> **Exercise**
The reply to the records below should contain exactly the lines from the line with "with flowers Colorful" through the line with "CARTE POSTALE BRADFORD PEAR BLOSSOMS", and nothing besides.

> **Data provided**
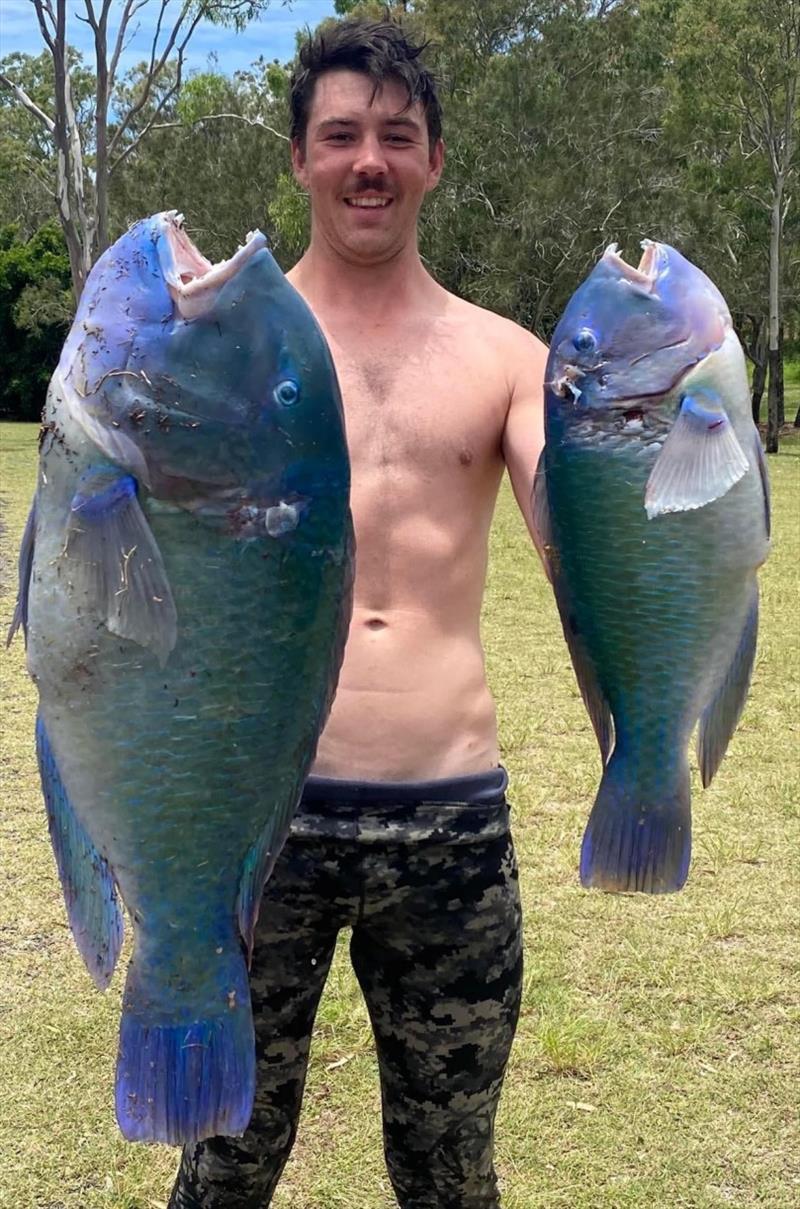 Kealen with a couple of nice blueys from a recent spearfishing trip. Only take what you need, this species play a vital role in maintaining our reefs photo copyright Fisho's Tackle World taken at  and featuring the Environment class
...
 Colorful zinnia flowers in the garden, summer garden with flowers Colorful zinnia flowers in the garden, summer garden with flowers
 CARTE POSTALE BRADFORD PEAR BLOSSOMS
* * *
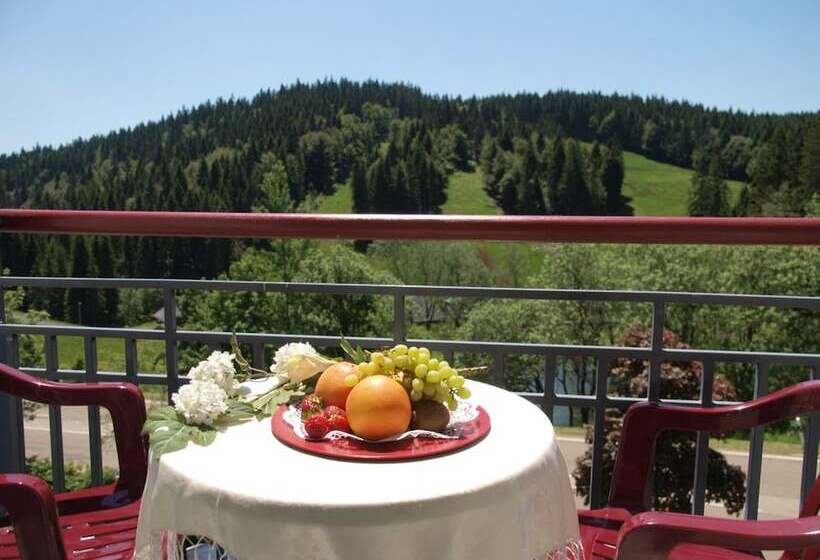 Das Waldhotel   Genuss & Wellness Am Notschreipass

> **Solution to the exercise**
 Colorful zinnia flowers in the garden, summer garden with flowers Colorful zinnia flowers in the garden, summer garden with flowers
 CARTE POSTALE BRADFORD PEAR BLOSSOMS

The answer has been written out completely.